28 dezembro 2016

Imãs

Quando vi a queima de fogos de artifício, fechei os olhos e pedi “que eu consiga sobreviver”. Nos últimos sete anos eu faço esse pedido e o coloco como a meta da minha vida. Nunca peço mais que isso. A verdade é que se a gente sobreviver, podemos fazer metas, planos e dar os primeiros passos.

 A única certeza que tinha era sobre o meu trabalho, sobre a faculdade, sobre ser uma pessoa  melhor. Depois da virada do ano abracei meus pais, peguei uma garrafa de vinho e entrei em  um carro para ver meus amigos.
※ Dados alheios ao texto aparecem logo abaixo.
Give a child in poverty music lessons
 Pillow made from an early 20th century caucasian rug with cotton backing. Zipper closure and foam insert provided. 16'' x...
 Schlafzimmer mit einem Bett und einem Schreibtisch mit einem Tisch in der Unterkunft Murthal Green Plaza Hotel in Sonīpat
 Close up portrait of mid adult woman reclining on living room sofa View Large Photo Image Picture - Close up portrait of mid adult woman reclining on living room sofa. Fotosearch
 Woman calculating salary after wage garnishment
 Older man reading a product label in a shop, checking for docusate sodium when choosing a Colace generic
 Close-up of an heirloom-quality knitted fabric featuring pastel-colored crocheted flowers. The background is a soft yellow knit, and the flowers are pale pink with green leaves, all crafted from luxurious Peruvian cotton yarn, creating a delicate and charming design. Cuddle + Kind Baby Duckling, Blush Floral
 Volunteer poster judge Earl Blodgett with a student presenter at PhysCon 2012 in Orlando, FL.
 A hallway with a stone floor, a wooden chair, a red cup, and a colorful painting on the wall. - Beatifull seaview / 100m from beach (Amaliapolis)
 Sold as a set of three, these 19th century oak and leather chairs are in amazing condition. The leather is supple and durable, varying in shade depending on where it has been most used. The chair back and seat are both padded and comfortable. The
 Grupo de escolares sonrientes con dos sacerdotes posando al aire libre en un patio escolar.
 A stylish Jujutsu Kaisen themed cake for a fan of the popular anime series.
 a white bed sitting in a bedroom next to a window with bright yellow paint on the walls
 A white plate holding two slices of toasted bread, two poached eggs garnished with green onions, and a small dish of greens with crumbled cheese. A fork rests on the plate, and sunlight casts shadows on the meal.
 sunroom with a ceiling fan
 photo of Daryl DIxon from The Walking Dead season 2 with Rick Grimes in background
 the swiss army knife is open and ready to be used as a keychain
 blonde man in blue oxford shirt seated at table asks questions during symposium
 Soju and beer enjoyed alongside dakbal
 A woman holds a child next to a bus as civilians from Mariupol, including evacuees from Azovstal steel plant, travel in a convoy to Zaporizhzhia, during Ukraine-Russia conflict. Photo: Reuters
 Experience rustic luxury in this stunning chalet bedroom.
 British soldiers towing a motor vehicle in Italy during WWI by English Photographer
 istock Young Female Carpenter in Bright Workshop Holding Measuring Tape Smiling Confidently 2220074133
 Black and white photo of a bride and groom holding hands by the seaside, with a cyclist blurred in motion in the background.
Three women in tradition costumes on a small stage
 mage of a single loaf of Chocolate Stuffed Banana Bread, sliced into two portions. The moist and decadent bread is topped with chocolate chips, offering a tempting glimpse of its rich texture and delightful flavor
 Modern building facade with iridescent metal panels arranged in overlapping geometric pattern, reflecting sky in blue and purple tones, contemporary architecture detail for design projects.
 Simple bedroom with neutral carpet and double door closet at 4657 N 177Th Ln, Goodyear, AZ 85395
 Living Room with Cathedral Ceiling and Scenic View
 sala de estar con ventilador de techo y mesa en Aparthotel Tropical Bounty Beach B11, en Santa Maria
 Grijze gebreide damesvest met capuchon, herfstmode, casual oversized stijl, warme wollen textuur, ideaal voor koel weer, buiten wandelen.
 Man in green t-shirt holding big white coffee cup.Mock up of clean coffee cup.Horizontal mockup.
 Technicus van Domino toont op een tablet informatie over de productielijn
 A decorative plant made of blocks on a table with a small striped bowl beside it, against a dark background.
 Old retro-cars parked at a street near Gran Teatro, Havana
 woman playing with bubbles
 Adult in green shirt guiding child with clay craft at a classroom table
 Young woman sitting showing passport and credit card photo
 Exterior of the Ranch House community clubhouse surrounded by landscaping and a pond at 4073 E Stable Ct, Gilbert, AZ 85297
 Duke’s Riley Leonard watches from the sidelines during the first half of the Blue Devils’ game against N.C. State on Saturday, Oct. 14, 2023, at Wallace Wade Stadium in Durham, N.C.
Eu também tinha certeza sobre eles. Dançamos, disputamos ventiladores, as risadas eram altas e lindas e o que senti ali era mais do que uma reunião, mais do que uma celebração. Eu me encaixava, eu fazia parte. Eu agradeci por estar ali. Eles não sabem, mas os imãs na geladeira de um amigo me fizeram refletir – eu juro que ainda estava sóbria – sobre o que eu queria fazer em 2016.

O que eu queria? “Esse imã de Portugal me faz lembrar que eu deveria viajar e conhecer outras pessoas.” O imã da Espanha me lembrou a frase “mi casa, su casa”, eu deveria ser mais generosa e de alguma forma abrir os braços para acolher as pessoas. Fiquei alguns minutos relacionando imãs de geladeiras ao o que deveria fazer em 2016. Ok, eu já não estava mais sóbria. Eu não me lembro de mais nada quando saí de perto da geladeira, mas provavelmente estava tentando pular o muro da minha casa mesmo com as chaves na mão. Afinal, as festas terminam com a minha pessoa querendo pular o muro da minha casa. Essa atitude ocasional pode revelar quem eu era em outras reencarnações.


Em janeiro de 2016 eu fui atropelada na faixa de pedestre. Em fevereiro de 2016 meu pai se descuidou e perdeu  os dois remos do barco no meio do Rio São Francisco, mas minutos depois eles voltaram. Em abril de 2016 fui atormentada pelo ensino médio depois de dez anos. Nos últimos meses estou fazendo exatamente o que desejei no ano novo. “Eu quero sobreviver.” E estou. Sem trapaças, sem falar mal das pessoas – desconfie de quem fala mal de outras pessoas para você  –  e arcando com as  consequências das escolhas que fiz. Eu continuarei sobrevivendo.